UPDATE 2-Washington Post ad sales weak; Kaplan shows growth

Fri Feb 24, 2012 10:29am EST

* Fourth qtr net profit falls 22 pct

* Student sign-ups at Kaplan grows 3 pct

* Ad sales at newspaper, TV and online fall

Feb 24 (Reuters) - The Washington Post Co's profit slipped again due to advertising woes but its key Kaplan education business seemed to be getting its feet back on the ground as student sign-ups grew for the first time in five quarters.

New enrollments at Kaplan colleges rose 3 percent for the October-December period, compared with the 30-45 percent declines over the last four quarters.

Student sign-ups across the for-profit education industry fell in 2011 due a government crackdown that revealed unethical practices, low graduation rates and huge student debt loads.

The colleges were told to clean-up their act and tighten enrollment standards, or risk losing federal aid.

Kaplan -- which brings in almost 60 percent of Washington Post's total revenue -- implemented a program that allowed students to take up a free trial of the program they want to sign up for, before taking a final decision.

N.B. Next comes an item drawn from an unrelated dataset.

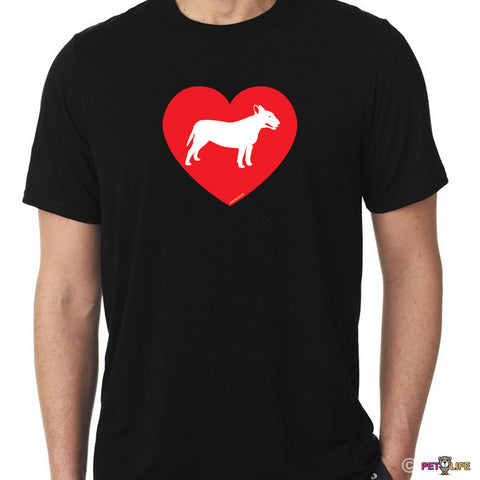 Love Bull Terrier Tee Shirt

The improved new student sign-ups at Kaplan follows growth reported by peers such as Apollo Group and Corinthian Colleges.

FALLING ADS

Print advertising revenue and circulation fell about 6 percent at the Washington Post newspaper. Advertising at its television and online businesses also fell.

Like most U.S. newspapers, Washington Post has been hit by falling advertising revenue and circulation as more readers switch to digital media.

But unlike its peers like the New York Times, Washington Post has not established a paywall to access its online content.

The company's third-quarter net income fell to $61.7 million, or $8.03 a share, from $79 million, or $9.42 a share, a year ago.

Excluding special items, it earned $8.96 per share. Revenue fell 10 percent to $1.06 billion.

Last year, shareholders of the Post pushed the management to consider a spinoff or sell some of its businesses. However, chief executive Don Graham is reluctant to do so.

Earlier this month, the company offered voluntary buyouts to some of its newsroom employees.

It cut 770 jobs at its Kaplan unit last year.

Washington Post shares were trading nearly flat at $387.55 in morning trade on Friday on the New York Stock Exchange.